Question

***15 Points***

A truncated cube is a convex polyhedron with 36 edges and 24 vertices. A truncated tetrahedron is a convex polyhedron with 18 edges and 12 vertices.


How do the number of faces of a truncated cube and a truncated tetrahedron compare?


A.) The truncated cube has 6 more faces than the truncated tetrahedron.

B.) The truncated cube has 8 more faces than the truncated tetrahedron.

C.) The truncated cube has 12 more faces than the truncated tetrahedron.

D.) The truncated cube has 18 more faces than the truncated tetrahedron.

Answer 1

A.) The truncated cube has 6 more faces than the truncated tetrahedron.

Explanation:

In every convex polyhedron, we have that:

C + V = E + 2

Where C is the number of faces, V is the number of vertices and E is the number of edges.

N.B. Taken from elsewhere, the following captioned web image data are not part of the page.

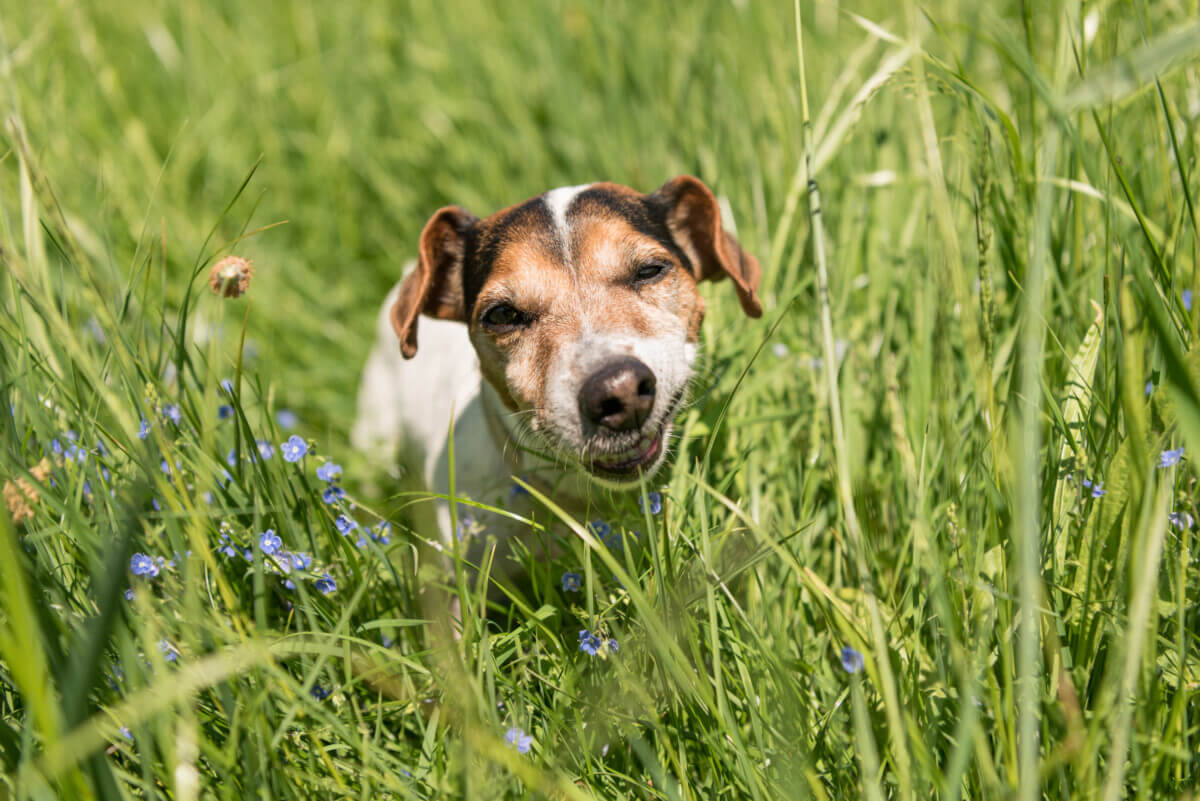 Small cute Jack Russell Terrier dog is eating grass in a meadow.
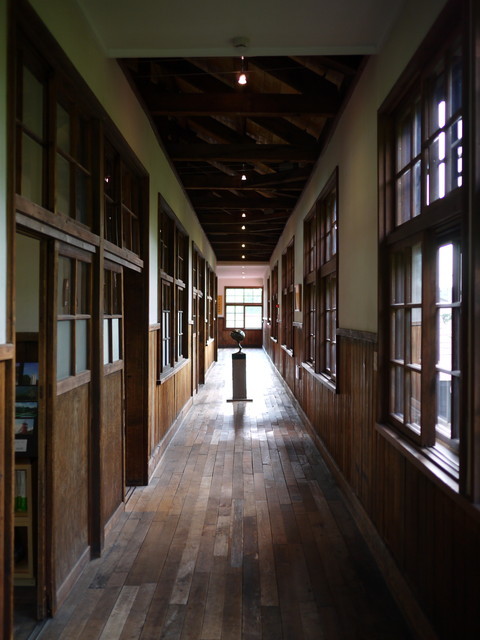 P1120256a.jpg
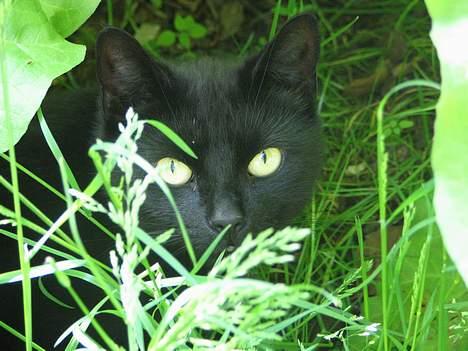 Huskat Samba  billede 4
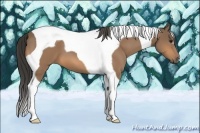 Horse Color:Buckskin Tobiano 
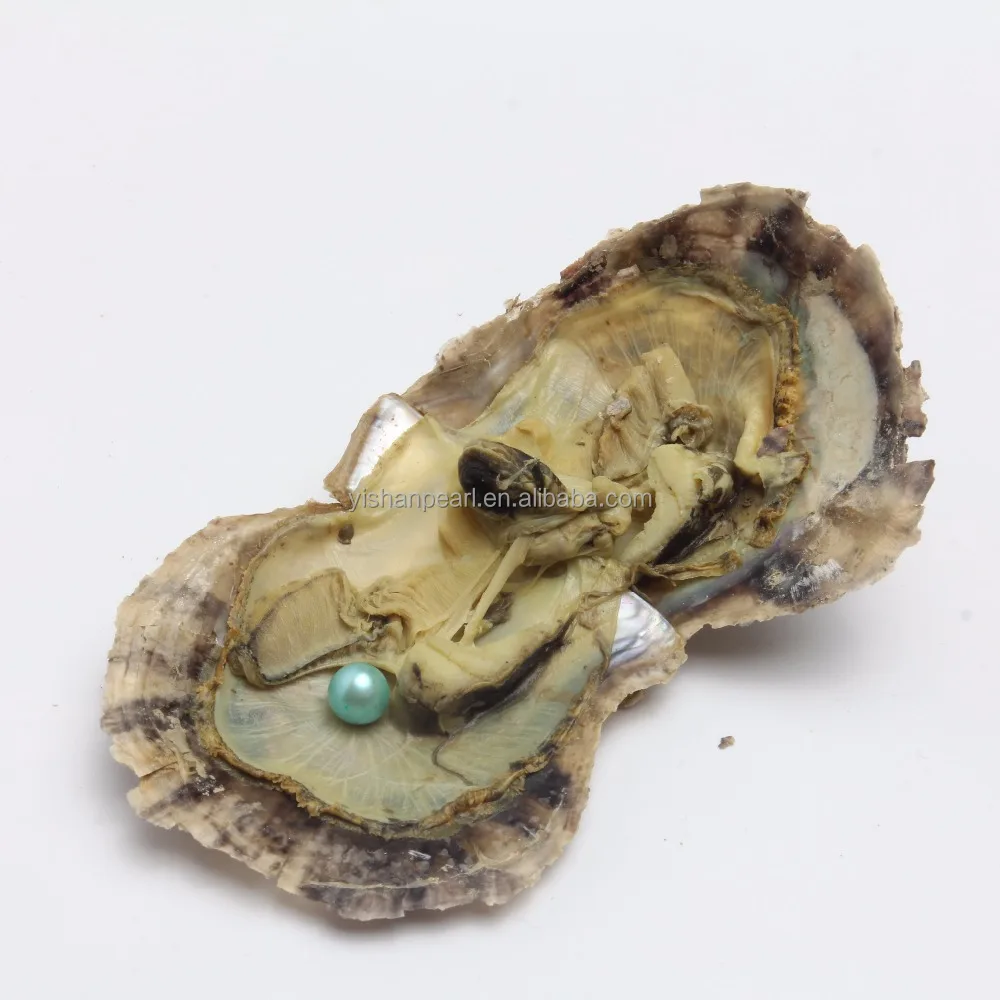 

2018 Wholesale AA Grade Cheap  Rainbow Color Pearls in Akoya Oyster Vacuum-Packed Fancy Gifts for Girls, Colorful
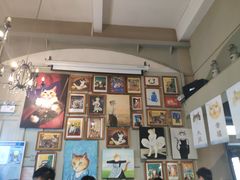 -猫咪博物馆(顶澳仔猫街店)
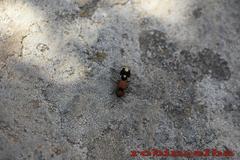 Ronisia brutia
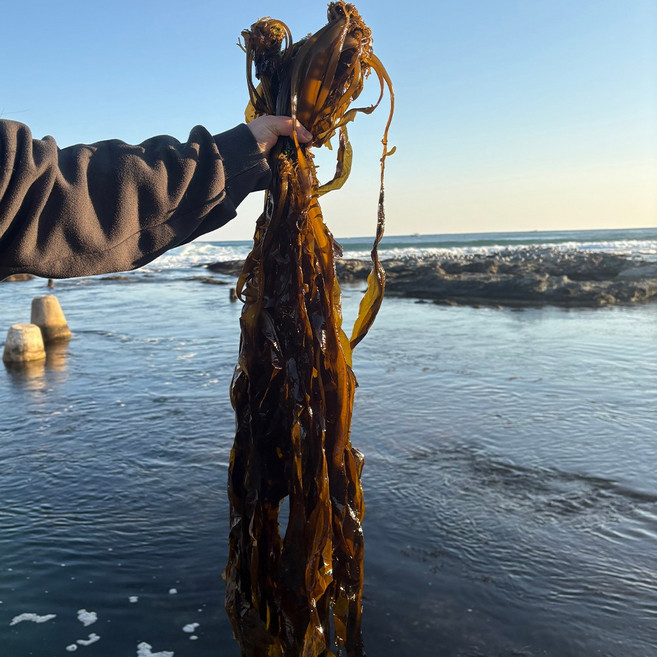 철따라농산물 당일채취 기장 생 물미역 해조 1kg 2kg, 1개, 물미역1kg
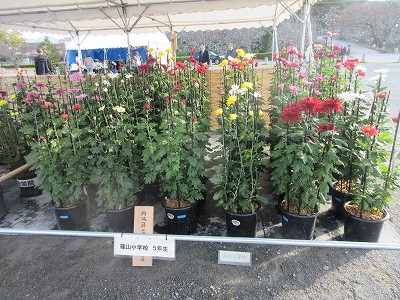 菊花展7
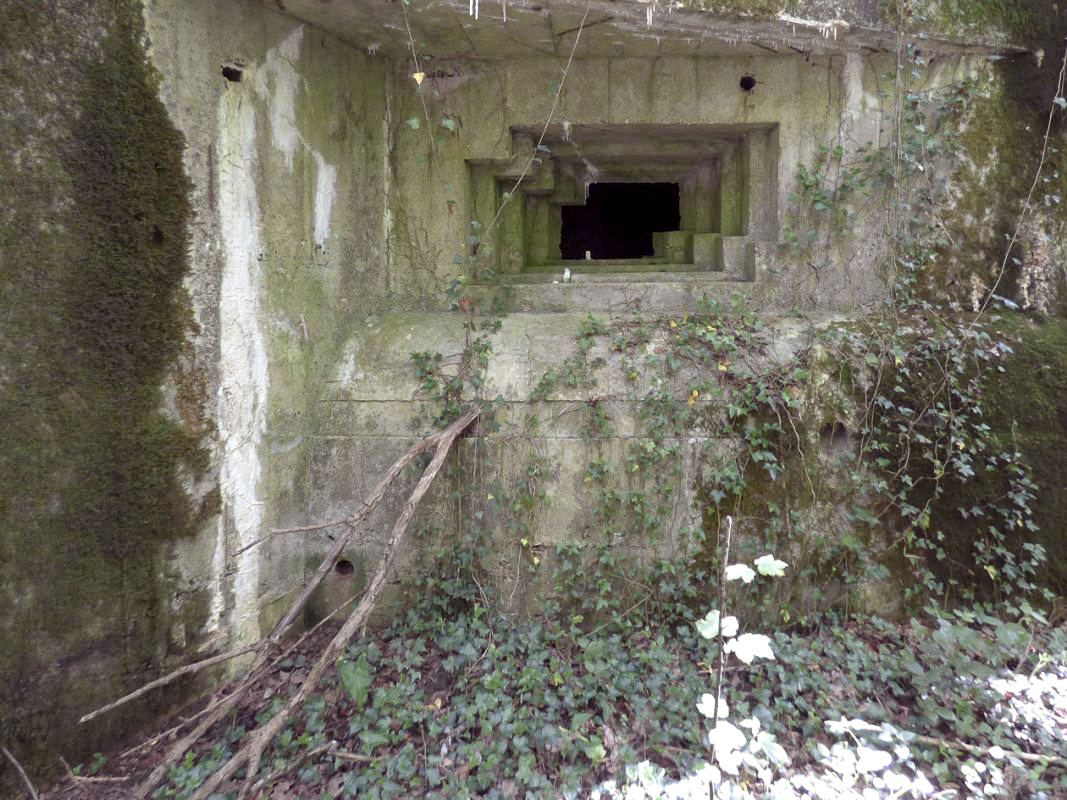 Ligne Maginot - CEZF-10BIS - BOIS DE BELLE-CORRE - (Casemate d'infanterie - Simple) - 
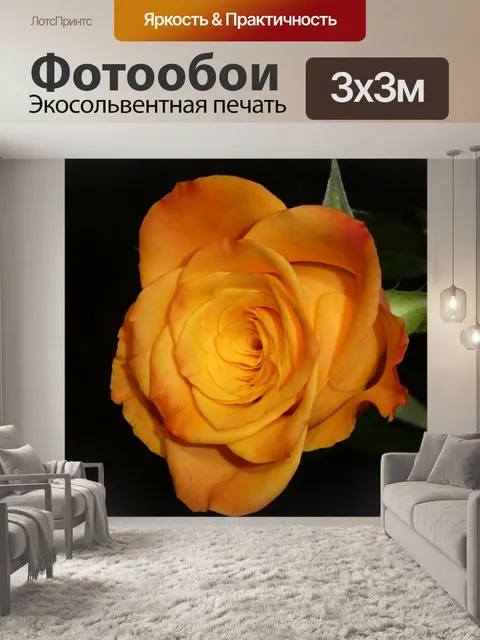 Фотообои Роза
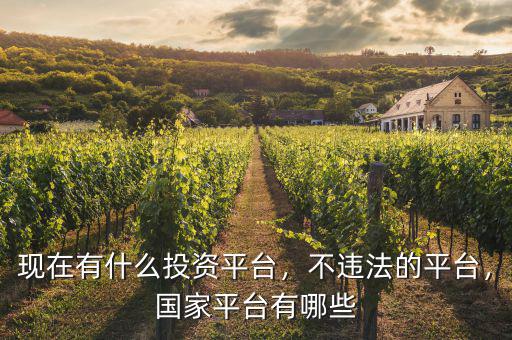 現(xiàn)在有什么投資平臺，不違法的平臺，國家平臺有哪些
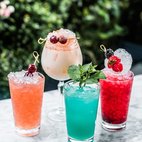 Koko Kanu Tropical Summer Terrace hotels title=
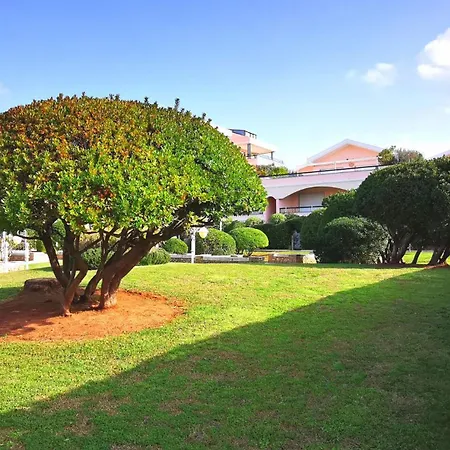 Apartman Nulauro 31 *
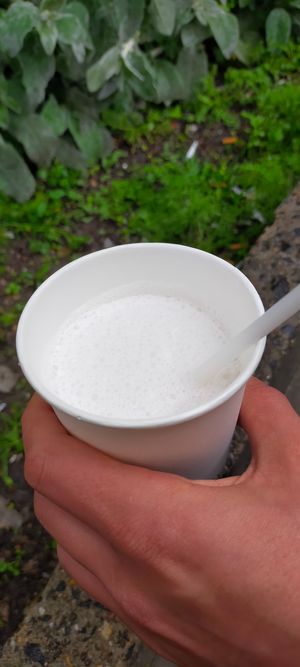 Banana Milkshake  at VeganWaf in Brussels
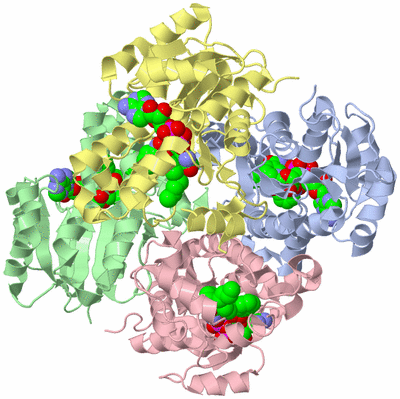 Image Asym./Biol. Unit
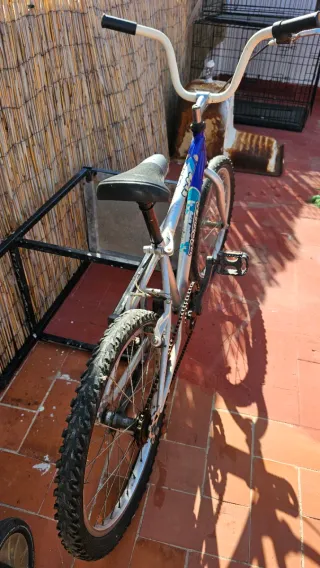 Bicicleta BMX Trotter 20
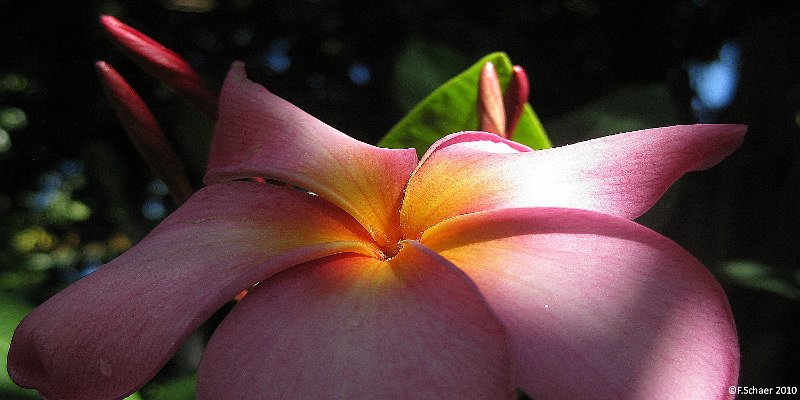 Horizonte 153.jpg - close-up view of a pink Frangipani-flower, widespread intropical areas, predominant in the South Pacific Islands, where they useit for Leis, the traditional flower-garlands around the woman's head.This incredible fragrant flower I photographed within the long ago abandonedHotelcomplex of the Club Med in Moorea, the neighbour-island of Tahiti.   click here for Google Maps View   Position: S17°29'44" W149°54'43" about sealevel Camera: Canon Ixus 80IS @6,2mm, date: 13/11/2010, 08:37 local time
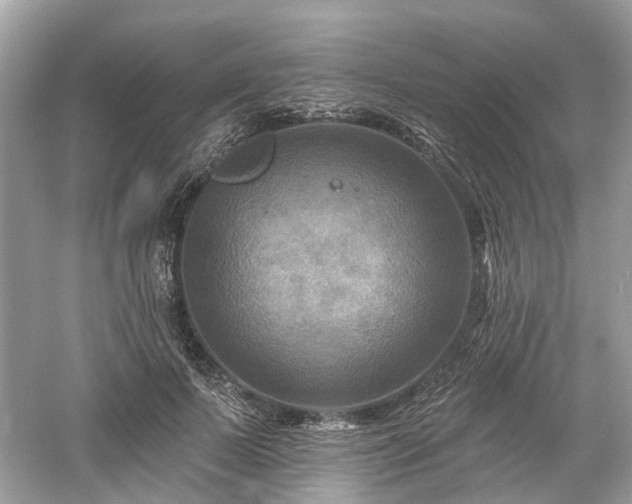 X0000061150695200511181235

Then, for the truncated cube we replace E by 36 and V by 24 and get:

C + 24 =36 + 2

Solving for C, we get that the number of faces is equal to:

C = 36 + 2 - 24

C = 14

At the same way, for the truncated tetrahedron, we get that the number of faces is:

C + 12 = 18 + 2

C = 18 + 2 - 12

C = 8

So, if we compare both polyhedrons we get that the truncated cube has 6 more faces than the truncated tetrahedron.

14 - 8 = 6